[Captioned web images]
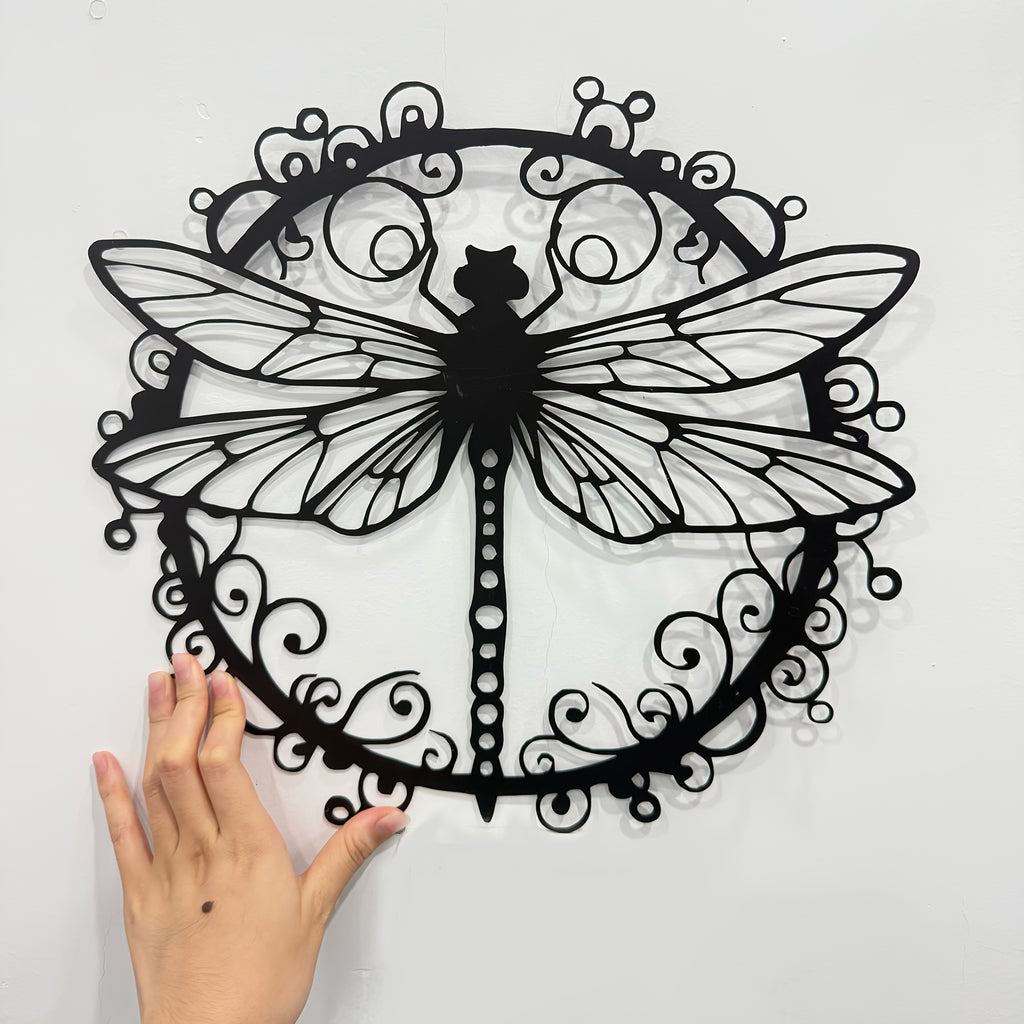 Dragonfly Metal Wall, Garden Decoration Dragonfly Sign, Garden Decor for Outside Dragonfly Yard Decoration, Terrace Dragonfly Art, Nature Wall Decoration, Dragonfly Gift, Gift for Mom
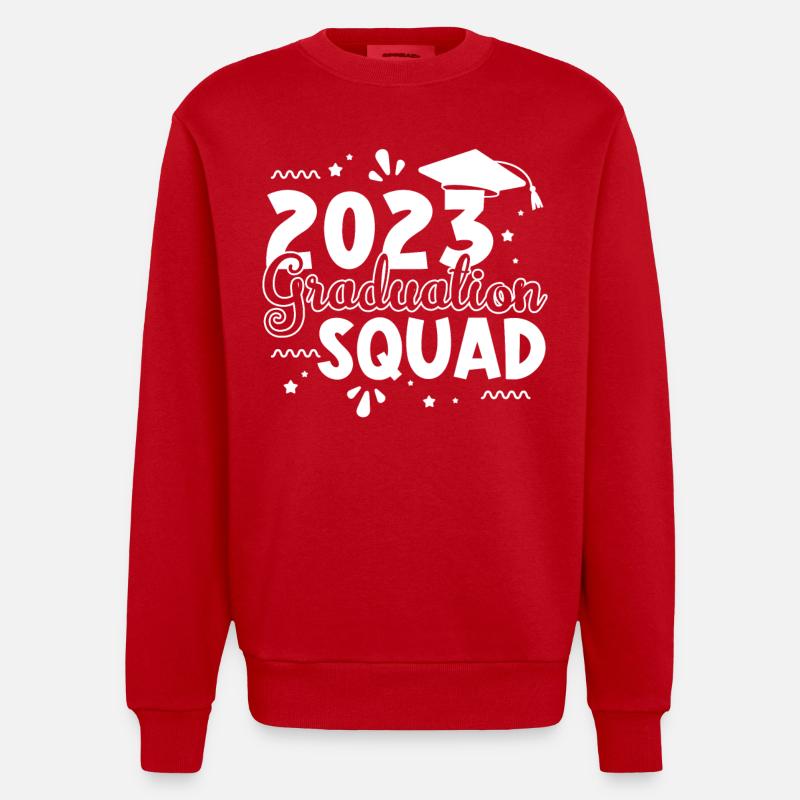 Groupe de clôture 2023 - Sweat bio épais oversize fabriqué en UE - rouge
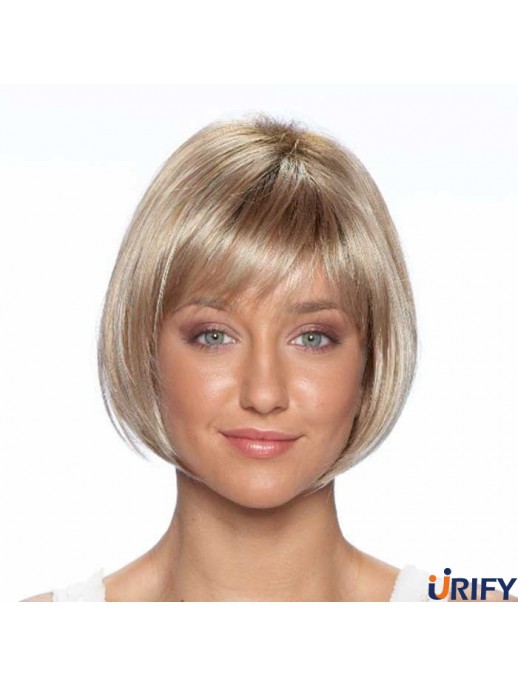 9 Zoll Best Straight Bobs Blonde Kurze Perücken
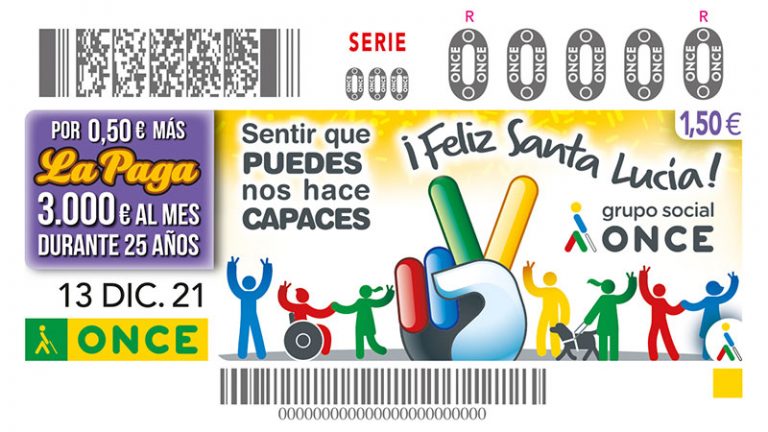 La ONCE dedica su cupón a la festividad de su patrona, Santa Lucía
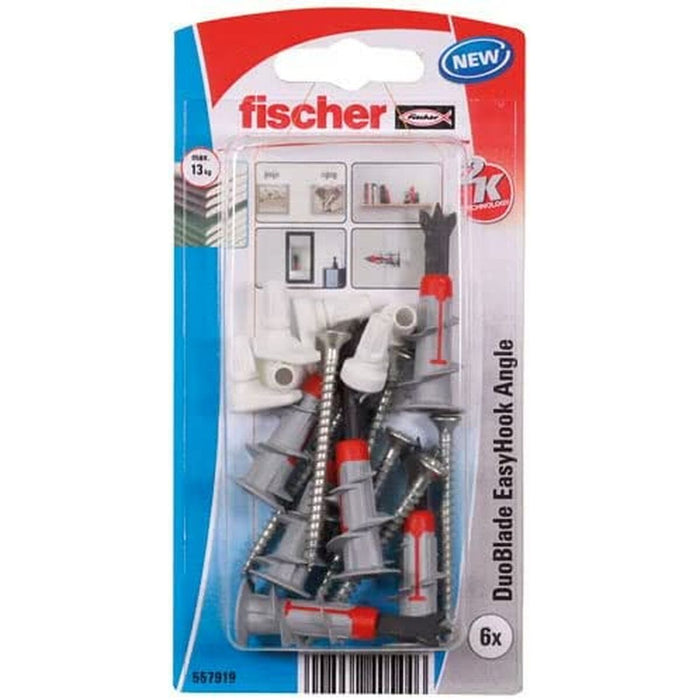 Cuie unghiulare Fischer duoblade easyhook 6 Unități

Exercise requirements – Retype all of the entries exactly as written, leaving out any images.

Result of this exercise –
 Dragonfly Metal Wall, Garden Decoration Dragonfly Sign, Garden Decor for Outside Dragonfly Yard Decoration, Terrace Dragonfly Art, Nature Wall Decoration, Dragonfly Gift, Gift for Mom
 Groupe de clôture 2023 - Sweat bio épais oversize fabriqué en UE - rouge
 9 Zoll Best Straight Bobs Blonde Kurze Perücken
 La ONCE dedica su cupón a la festividad de su patrona, Santa Lucía
 Cuie unghiulare Fischer duoblade easyhook 6 Unități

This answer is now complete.